After a natural disaster, accident or construction failure in Florida, your insurance company may refuse to cover the damage. You may be able to dispute the decision and get the compensation you need. Indeed, in some cases, you may not be able to recover if you did not properly evaluate your coverage, but often companies deny claims that policies should cover.
Understanding some common insurance disputes for homeowners will help you plan effectively and respond if they happen to you.
Actual cash value and replacement cost
Florida’s Division of Consumer Services reports that a common misunderstanding of homeowners is between actual cash value and replacement cost policies. The difference is vast. Actual cash value promises to reimburse you for the value of lost property accounting for its depreciation while replacement cost policies promise to pay the cost of a new item to replace the old. For example, if you buy a laptop for $1,000 and then lose it in a house fire three years later, ACV policies will pay out what they consider the item to be worth at the time of the fire, perhaps $250. Likewise, replacement cost policies will pay you the current market value for the same laptop, new.
If your policy is a replacement cost policy, your provider may require you to maintain a certain value percentage, 70% of the replacement value, for instance.
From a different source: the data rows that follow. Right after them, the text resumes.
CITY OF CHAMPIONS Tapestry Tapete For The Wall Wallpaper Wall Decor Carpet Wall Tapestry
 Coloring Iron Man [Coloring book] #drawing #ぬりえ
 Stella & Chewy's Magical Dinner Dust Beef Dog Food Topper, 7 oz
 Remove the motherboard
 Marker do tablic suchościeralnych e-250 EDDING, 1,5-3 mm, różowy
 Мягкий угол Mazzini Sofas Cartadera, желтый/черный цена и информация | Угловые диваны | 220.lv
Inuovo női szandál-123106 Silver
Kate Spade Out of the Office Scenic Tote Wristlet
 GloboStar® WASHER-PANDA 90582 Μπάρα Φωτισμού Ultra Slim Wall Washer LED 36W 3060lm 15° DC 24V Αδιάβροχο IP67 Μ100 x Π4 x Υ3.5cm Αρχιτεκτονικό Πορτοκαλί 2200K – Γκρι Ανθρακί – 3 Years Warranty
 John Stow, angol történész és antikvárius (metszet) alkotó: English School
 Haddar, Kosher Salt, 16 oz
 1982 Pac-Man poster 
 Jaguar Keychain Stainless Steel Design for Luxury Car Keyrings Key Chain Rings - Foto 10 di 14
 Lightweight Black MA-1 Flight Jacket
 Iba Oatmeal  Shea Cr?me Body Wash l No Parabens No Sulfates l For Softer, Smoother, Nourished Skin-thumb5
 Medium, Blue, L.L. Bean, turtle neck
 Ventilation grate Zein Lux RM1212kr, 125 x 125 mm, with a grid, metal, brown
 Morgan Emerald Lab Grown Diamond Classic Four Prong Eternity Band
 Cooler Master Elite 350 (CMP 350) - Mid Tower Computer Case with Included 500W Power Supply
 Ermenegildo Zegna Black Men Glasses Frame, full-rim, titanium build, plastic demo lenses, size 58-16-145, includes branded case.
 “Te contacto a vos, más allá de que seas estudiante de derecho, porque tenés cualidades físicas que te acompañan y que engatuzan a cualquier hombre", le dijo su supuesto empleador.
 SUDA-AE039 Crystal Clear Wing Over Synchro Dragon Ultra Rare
They could penalize you or deny your claim if you do not carry enough at the time you file, so check regularly to make sure you are complying with requirements.
Responsibilities of homeowners
Many companies deny claims on the grounds that homeowners did not take sufficient care of the property and contributed to the damage. For example, if a hurricane strikes and damages your house, you are responsible to take reasonable measures to protect your property, such as by boarding up the windows or repairing vulnerabilities. These expectations are subjective and may be vulnerable in court.
Know what you have in your home, and have a record of the purchases. Keep an inventory with evidence of the things you own. Having this record can make all the difference between a company denying or paying out your claim.
It is no surprise that smart homeowners evaluate their contracts carefully when purchasing an insurance policy. There are various types of homeowners’ insurance policies and insurance providers, and each is different. Ensure that your claim covers what you need. Homeowners’ insurance in Florida does not cover flooding, for example, so you will need to carry separate flood insurance if you expect that protection.